Exercise goal: Wherever a picture appears, skip it and retype the rest of the data exactly.

[Image-text web data]
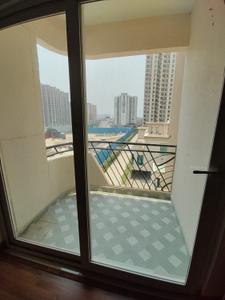 Balcony Image of 900 Sq.ft 1 BHK Apartment / Flat for sale in Trinity Solitaire, Noida Extension Greater Noida for Rs. 2845000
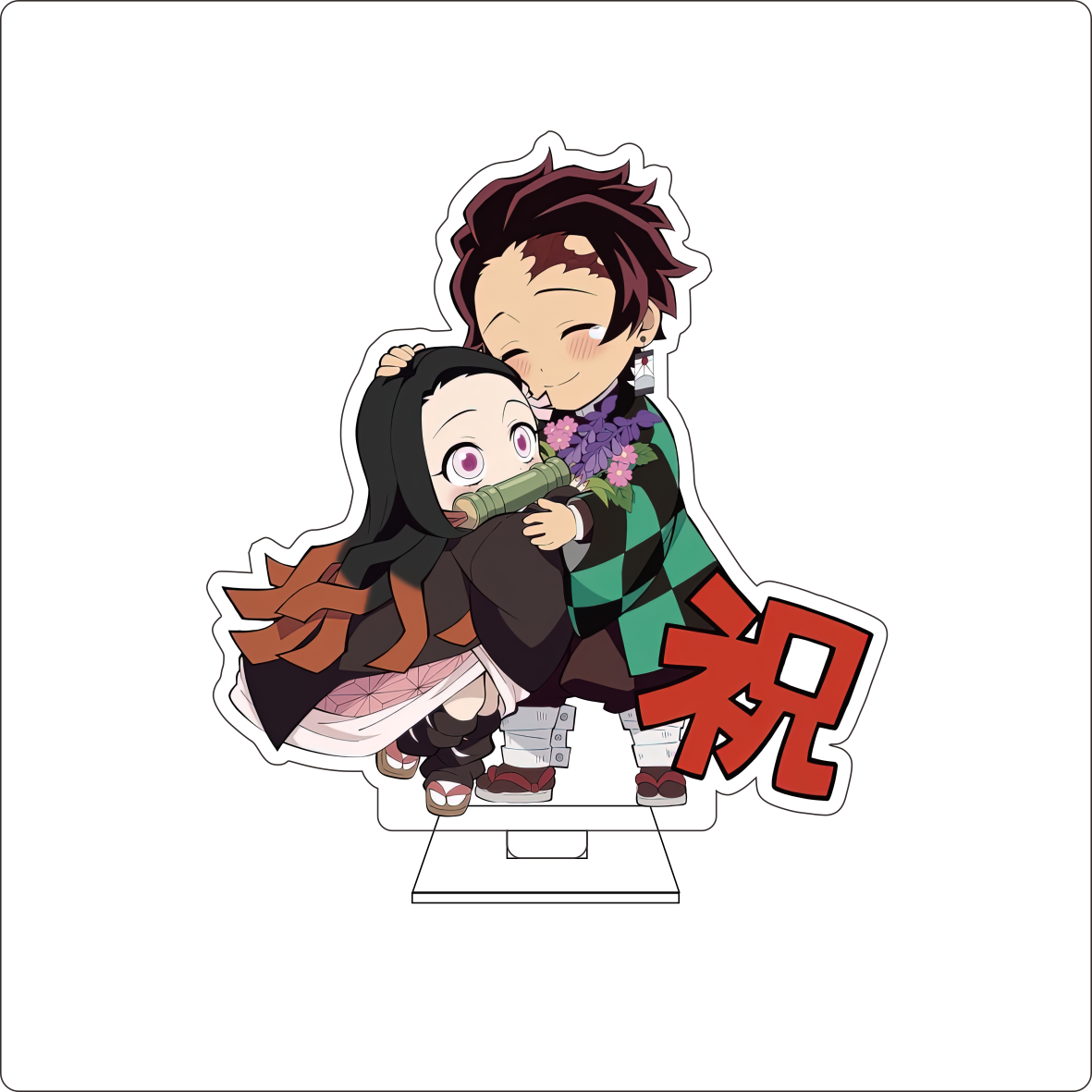 Figurine en acrylique mignonne - Anime Cosplay Tanjiro avis et prix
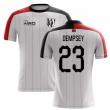 2025-2026 Fulham Home Concept Football Shirt (Dempsey 23)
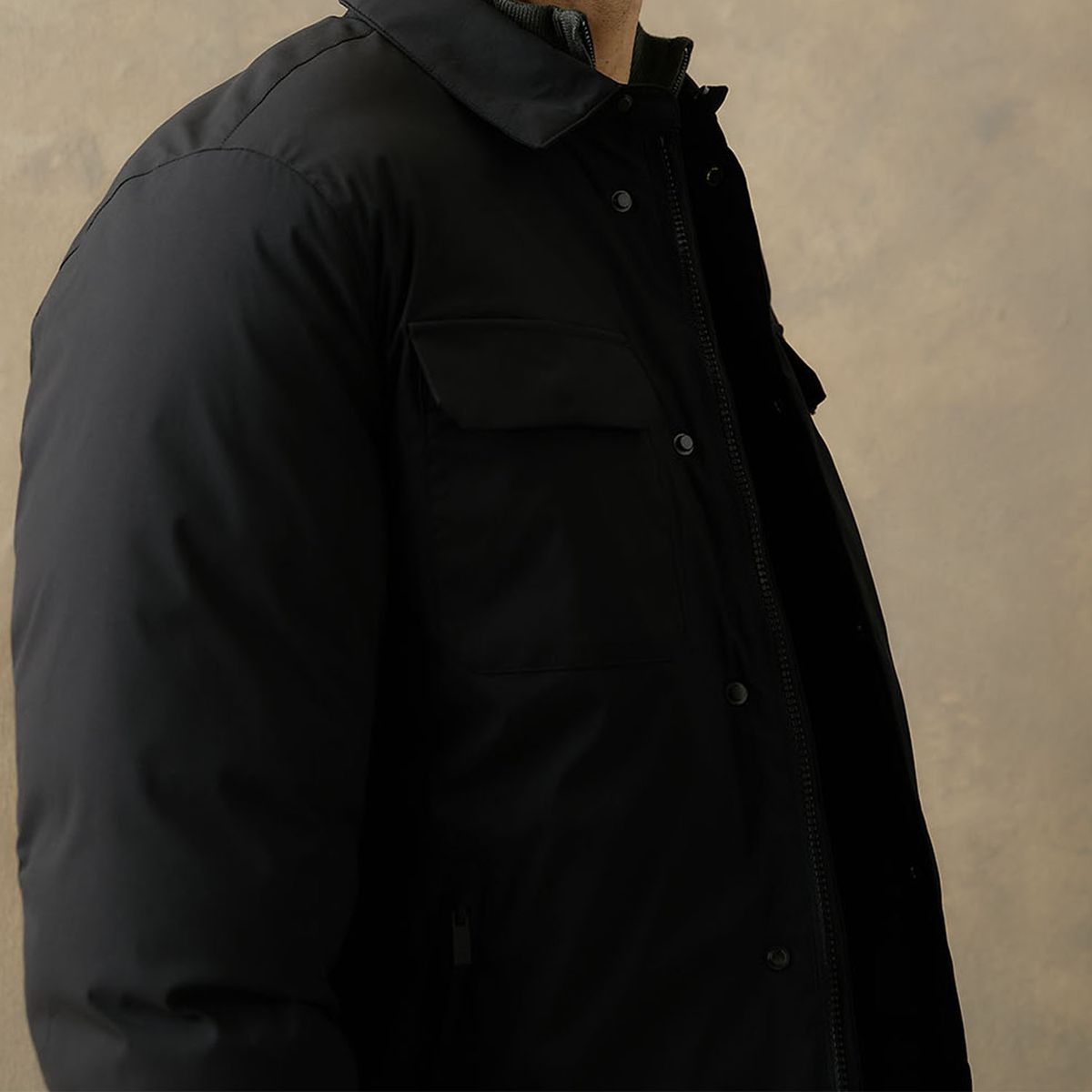 WOLF&HANK - Chaqueta Casual Hombre Wolf&Hank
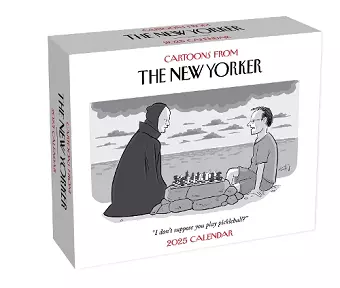 Cartoons from The New Yorker 2025 Day-to-Day Calendar cover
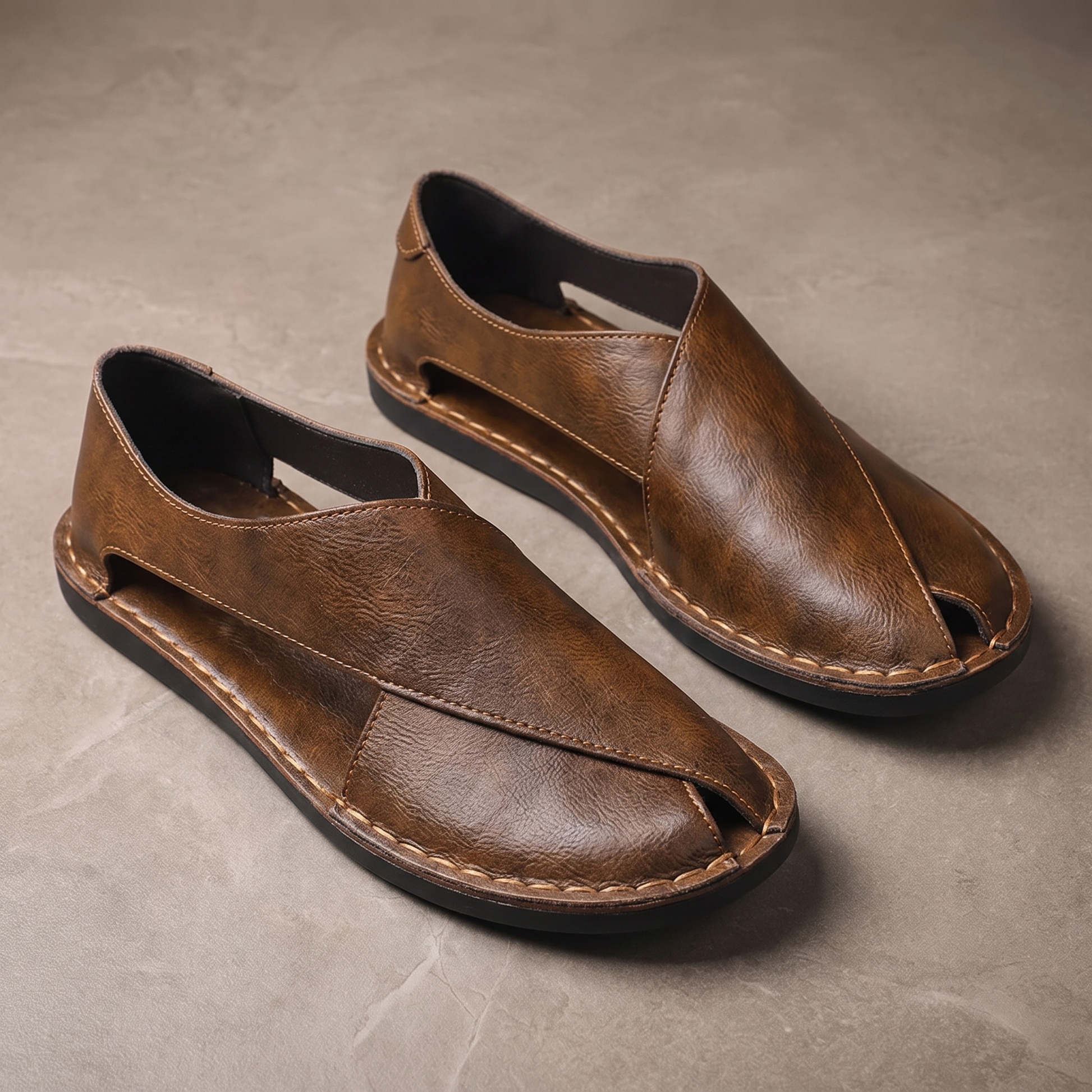 Bruno sandal-mule in Brown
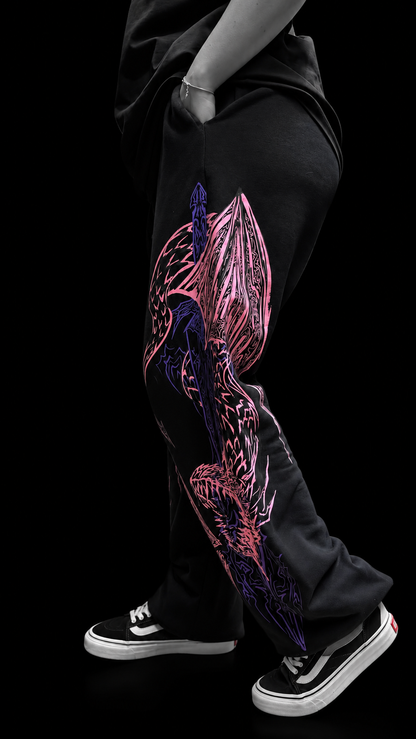 Dragon Baggy Sweatpants [TWILIGHT]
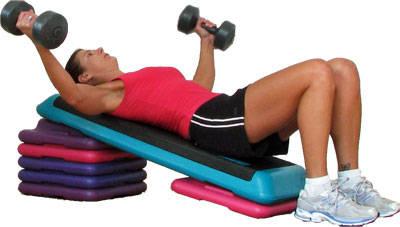 Øvelser på pectoral muskler: treningstrening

Result of the task:
 Balcony Image of 900 Sq.ft 1 BHK Apartment / Flat for sale in Trinity Solitaire, Noida Extension Greater Noida for Rs. 2845000
 Figurine en acrylique mignonne - Anime Cosplay Tanjiro avis et prix
 2025-2026 Fulham Home Concept Football Shirt (Dempsey 23)
 WOLF&HANK - Chaqueta Casual Hombre Wolf&Hank
 Cartoons from The New Yorker 2025 Day-to-Day Calendar cover
 Bruno sandal-mule in Brown
 Dragon Baggy Sweatpants [TWILIGHT]
 Øvelser på pectoral muskler: treningstrening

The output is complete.